* _Required action_
In the data that follows, find the line with "Zuazaor 500 Pieces"; transcribe it, every later line up to the one with "Carte de site", and that line as well, exactly and with no others.

* _Exercise inputs_
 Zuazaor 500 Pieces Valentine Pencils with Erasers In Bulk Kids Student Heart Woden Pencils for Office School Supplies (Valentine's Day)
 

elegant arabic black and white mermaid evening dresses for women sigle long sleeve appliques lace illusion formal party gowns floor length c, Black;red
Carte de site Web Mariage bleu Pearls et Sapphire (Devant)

--

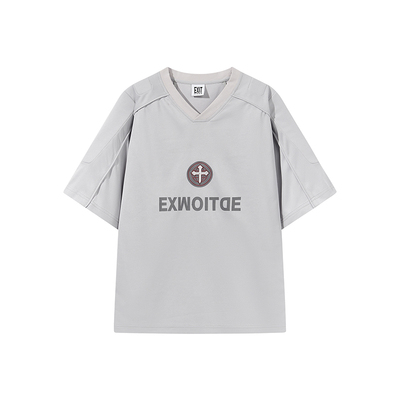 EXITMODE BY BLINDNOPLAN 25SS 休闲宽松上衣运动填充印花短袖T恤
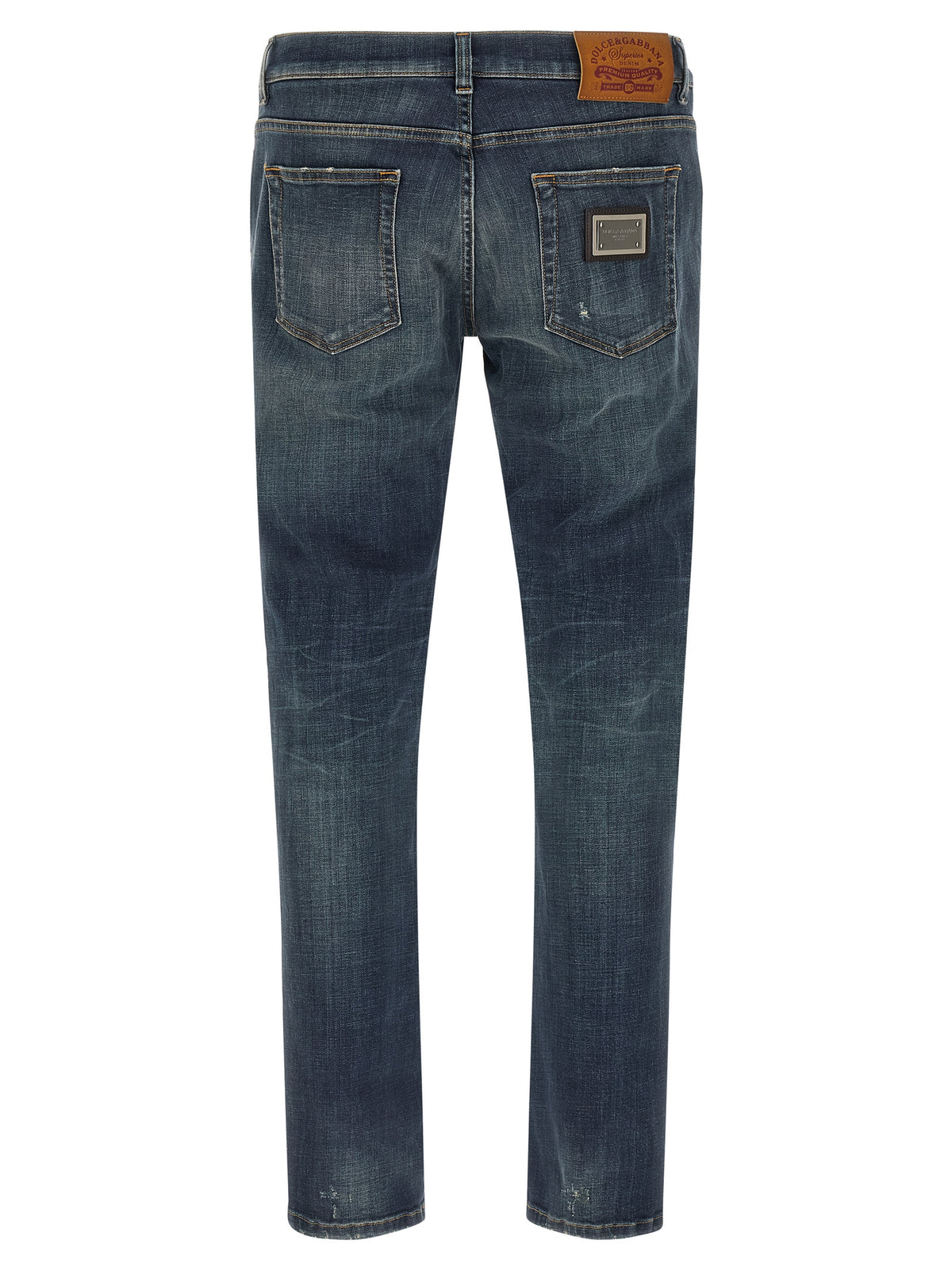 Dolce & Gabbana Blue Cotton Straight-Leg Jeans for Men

* _Response to the exercise_
 Zuazaor 500 Pieces Valentine Pencils with Erasers In Bulk Kids Student Heart Woden Pencils for Office School Supplies (Valentine's Day)
 

elegant arabic black and white mermaid evening dresses for women sigle long sleeve appliques lace illusion formal party gowns floor length c, Black;red
Carte de site Web Mariage bleu Pearls et Sapphire (Devant)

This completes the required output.